Literature Search and Reporting

We conducted a literature search through six electronic databases (PubMed, Cochrane Library, Web of Science, Embase, ScienceDirect, and Google Scholar) from 2000 to 2022. The search was conducted per Preferred Reporting Items for Systematic Reviews and Meta-Analyses (PRISMA) guidelines and a priori protocol from PROSPERO to identify randomized clinical trials and other primary studies relevant to our research. The search also used Boolean operators "AND" and "OR" combined with appropriate search terms. The search strategy used was as follows: (amiodarone) AND (implantable cardioverter-defibrillator OR ICD) AND (sudden cardiac death OR SCD OR sudden cardiac arrest OR arrhythmic death OR all-cause mortality). For additional studies, the reference lists of the identified studies and relevant systematic reviews and meta-analyses were scrutinized.

Eligibility Criteria

Articles identified in the mentioned electronic databases were independently screened by two reviewers using the inclusion and exclusion criteria. The inclusion criteria were as follows: studies conducted on human subjects only, articles written and published in the English language, studies that compared amiodarone and implantable cardioverter-defibrillator, studies with sudden cardiac death and all-cause mortality as the endpoints, and randomized clinical trials with a large number of participants (i.e., 10 or more patients/participants).

On the other hand, we excluded studies from this review based on the following criteria: studies conducted on animal subjects, articles written and published in languages other than English (we made this consideration because some scientific words are usually lost in translation), studies that independently compared either amiodarone or implantable cardioverter-defibrillator to other treatment options, studies that generalized antiarrhythmic drugs (i.e., studies that were unable to distinguish patients assigned to each antiarrhythmic drug and presented results in generalized form), studies that compared the cost benefits of amiodarone to implantable cardioverter-defibrillator, and case reports. Letters to the editor were also excluded from this review.

Quality Assessment

The quality of every included study was assessed according to the criteria outlined in the Cochrane Handbook for Systematic Reviews and Meta-Analyses. The Review Manager software (RevMan 5.4.1) was instrumental in the risk of bias assessment of every study. The elements considered in assessing the study quality included selection, performance, attrition, and reporting bias. Using the mentioned elements, we classified each study into three categories: "low risk," "high risk," and "unclear risk." A study was considered to have a low risk of bias if it had valid results. Therefore, studies with a low risk of bias were essential when conducting the meta-analysis of data. Studies with insufficient to invalid results were deemed to be of high risk of bias and could not be used in the meta-analysis. On the other hand, studies were deemed to be of unclear risk if the reviewers' judgment was ambiguous due to the few details provided in the studies. Figure 1 shows the risk of bias graph.

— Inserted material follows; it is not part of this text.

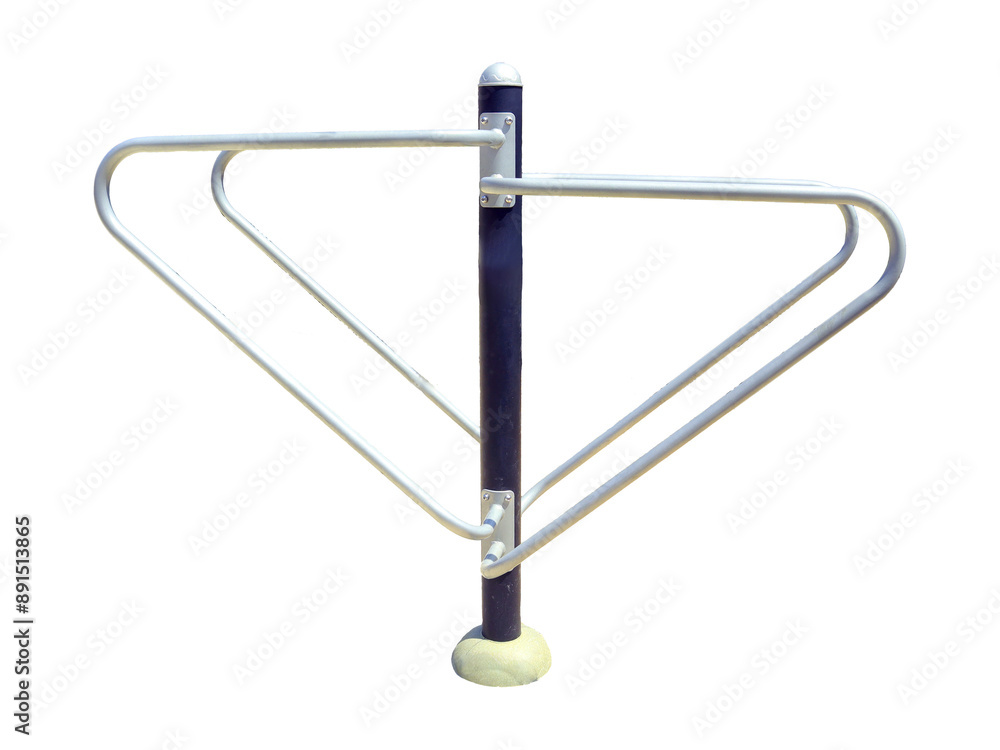 Close-up shot of pair of parallel bars, likely located at public park, designed for outdoor exercise, isolated on white. Bars are constructed of metal with blue pole and are set into concrete base. Close-up shot of pair of parallel bars, likely located at public park, designed for outdoor exercise, isolated on white. Bars are constructed of metal with blue pole and are set into concrete base.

Figure 1: Risk of bias graph

Figure 2 shows the risk of bias summary.

Figure 2: Risk of bias summary

Data Extraction

The data extraction process involved retrieval and compilation and was assigned to two reviewers. The data extracted from the studies included author ID, population, follow-up period, study design, intervention group, control/placebo group, and outcomes. The author ID included the authors' names and years of publication. The primary outcome of this systematic review and meta-analysis was the number of sudden cardiac deaths, while the secondary outcome was the number of all-cause mortalities. A discussion between the two reviewers first reconciled any variation in the retrieved data. If the reviewers could not reach a consensus, a third reviewer was consulted.

Data Analysis and Synthesis

The Review Manager software (RevMan 5.4.1) was used for the meta-analysis. Since the data collected from the primary and secondary outcomes were discrete, we calculated the effect size of each outcome using the odds ratio. I² statistics were used in the evaluation of study heterogeneity. Heterogeneity of greater than 50% was considered substantial. The reviewers chose to use a confidence interval of 95% because heterogeneity usually depends on the number of studies used in the meta-analysis, which was small and limited the test's statistical power. A random-effect model was also used since it took into account both sample size and study heterogeneity. In assessing the publication bias, a funnel plot was constructed. A symmetrical funnel plot meant that there was no publication bias, while an asymmetrical funnel plot was an indication of publication bias. Forest plots were also used to show the meta-analysis of all data retrieved from the included studies.

Results

Search Results

After a thorough search of the six electronic databases mentioned earlier, 968 articles were identified. The two reviewers tasked with searching for relevant and original articles screened the articles for duplicates, eliminating 287 articles. The titles and abstracts of the remaining articles were then screened, excluding 305 articles that did not meet the screening criteria. Eligibility was then applied to the remaining articles, and eight articles met the criteria. The articles excluded on the basis of eligibility criteria were as follows: three articles were excluded because they were written and published in languages other than English, 33 articles were excluded because they compared either amiodarone or ICD to other treatment options, 13 articles evaluated the cost-effectiveness of the two treatment options, three articles were either systematic reviews, case reports, or letters to the editor, and 26 articles generalized antiarrhythmic drugs and did not show the outcomes for patients treated with amiodarone. Figure 3 shows the PRISMA flow diagram.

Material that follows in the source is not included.